LAION and the Challenges of Preventing AI-Generated CSAM
Ritwik Gupta / Jan 2, 2024Generative AI has been democratized. The toolkits to download, set up, use, and fine-tune a variety of models have been turned into one-click frameworks for anyone with a laptop to use. While this technology allows users to generate and experiment with a wide range of content, without guardrails it also allows for the generation of incredibly harmful material.
Last month, the Stanford Internet Observatory (SIO) released a report identifying Child Sexual Abuse Material (CSAM) in the Large-scale Artificial Intelligence Open Network’s (LAION) LAION-5B, a popular AI image training database. Building upon prior work, the report and ensuing press coverage highlighted an ugly and disturbing side of the generative AI boom and the challenges that face law enforcement, governments, and private industry in prosecuting, countering, and creating legislation around AI-Generated CSAM.

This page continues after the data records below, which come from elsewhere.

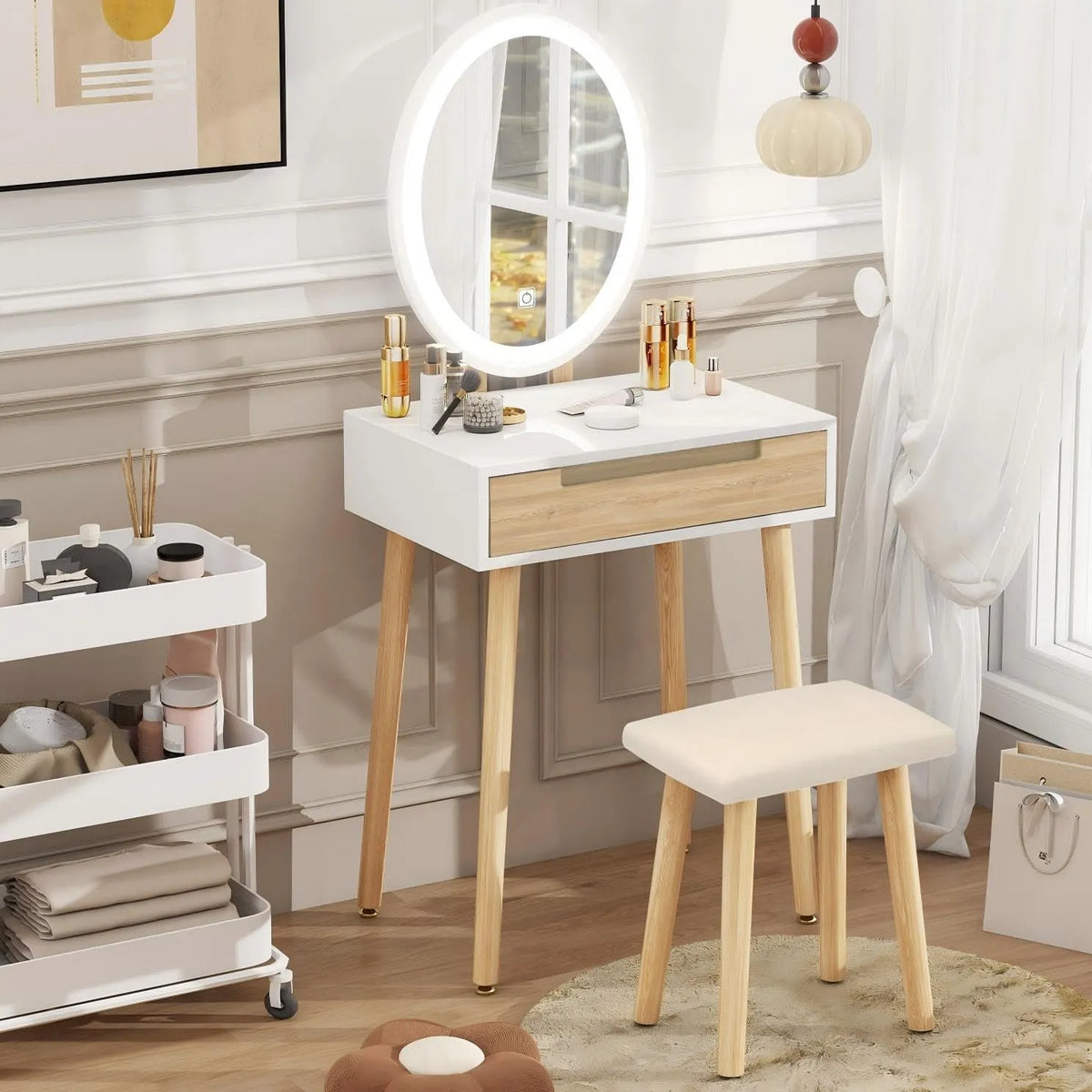 YU YUSING Coiffeuse et table de maquillage LED Lumière Dimmable Table de Maquillage avec – en bois, avec tiroirs, affichage LED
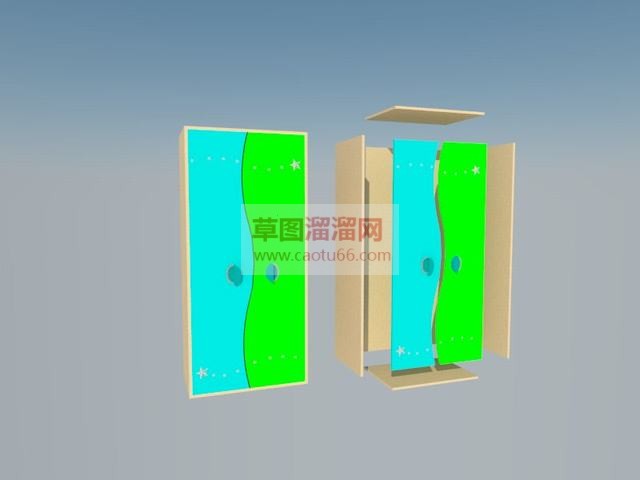 儿童衣柜双色SU模型 1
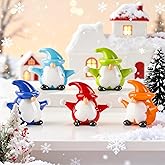H&D HYALINE & DORA 5Pcs Christmas Gnomes Decorations Mini Blown Glass Christmas Ornaments Glass Xmas Figurines for Xmas Home Party Decor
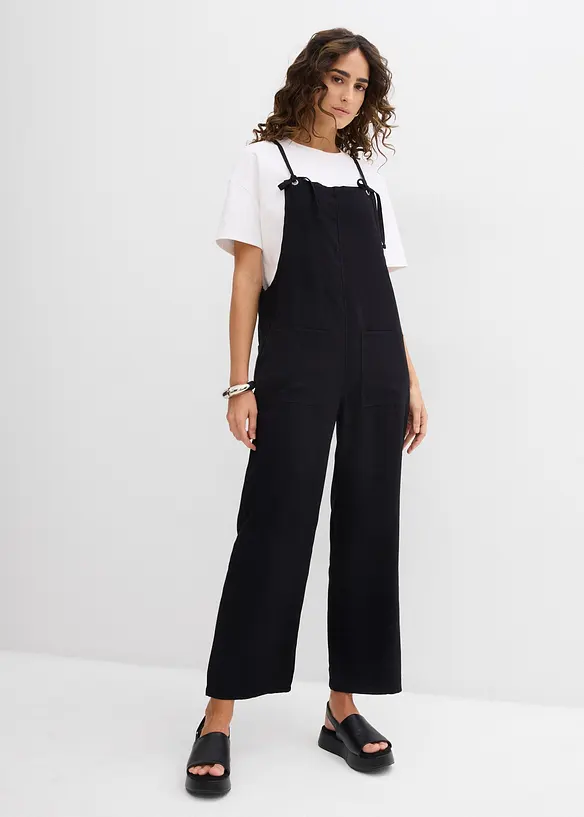 Jumpsuit aus softer Viskose in schwarz von vorne (Totalaufnahme) - bonprix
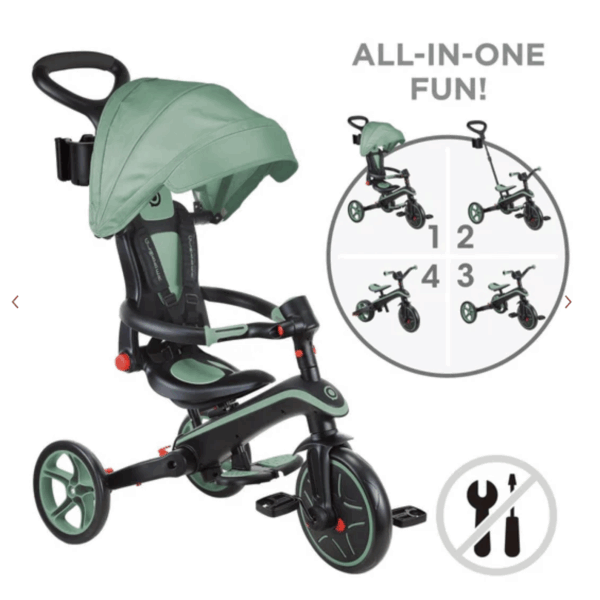 Globber Explorer Trike 可摺疊 4合1 三輪車 - Olive (10M - 5Y)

Law enforcement agencies and policymakers, already overwhelmed by the sheer volume of digital CSAM, are finding the rapid proliferation and the capabilities of generative AI daunting. These advanced systems can not only replicate existing CSAM but also generate new instances that do not involve direct human victims, complicating legal responses. The implications are profound: if a model is trained using data that includes original CSAM, its weights might replicate or even generate new CSAM, leading to a form of digital revictimization that is complex and pervasive. The LAION finding is particularly alarming—the dataset underpins widely used models such as Stable Diffusion 1.5 and Midjourney and was found to contain no less than 1,679 instances of CSAM, as identified by SIO.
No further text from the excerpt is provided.